The paper introduces 2D hydrodynamical simulations with radiative cooling for binary star systems, providing more realistic insights into disk eccentricity and planet formation conditions.

Findings

Radiative models show lower disk eccentricities (~0.04-0.06) compared to isothermal models (~0.2).

Disks with less mass have higher eccentricity and lower temperature.

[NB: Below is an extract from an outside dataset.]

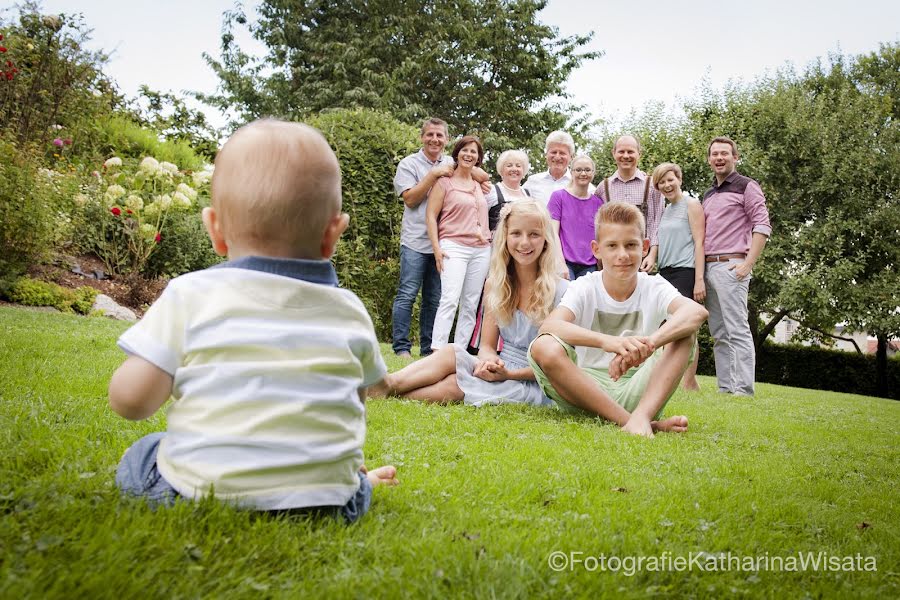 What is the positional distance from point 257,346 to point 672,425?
3199mm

Low viscosity (α ≲ 0.001) is necessary for disk longevity and planet formation.

Abstract

In this paper we study the evolution of viscous and radiative circumstellar disks under the influence of a companion star. We focus on the eccentric {\gamma} Cephei and {\alpha} Centauri system as examples and compare the disk quantities such as disk eccentricity and precession rate to previous isothermal simulations. We perform two-dimensional hydrodynamical simulations of the binary star systems under the assumption of coplanarity of the disk, host star and binary companion. We use the grid-based, staggered mesh code FARGO with an additional energy equation to which we added radiative cooling based on opacity tables. The eccentric binary companion perturbs the disk around the primary star periodically. Upon passing periastron spirals arms are induced that wind from the outer disk towards the star. In isothermal simulations this results in disk eccentricities up to {\epsilon}_disk ~ 0.2, but in more realistic radiative models we obtain much smaller eccentricities of about {\epsilon}_disk ~ 0.04 - 0.06 with no real precession. Models with varying viscosity and disk mass indicate show that disks with less mass have lower temperatures and higher disk eccentricity. The rather large high disk eccentricities, as indicated in previous isothermal disk simulations, implied a more difficult planet formation in the {\gamma} Cephei system due to the enhanced collision velocities of planetesimals. We have shown that under more realistic conditions with radiative cooling the disk become less eccentric and thus planet formation may be made easier. However, we estimate that the viscosity in the disk has to very small, with {\alpha} \lesssim 0.001, because otherwise the disk's lifetime will be too short to allow planet formation to occur along the core instability scenario. We estimate that the periodic heating of the disk in eccentric binaries will be observable in the mid-IR regime.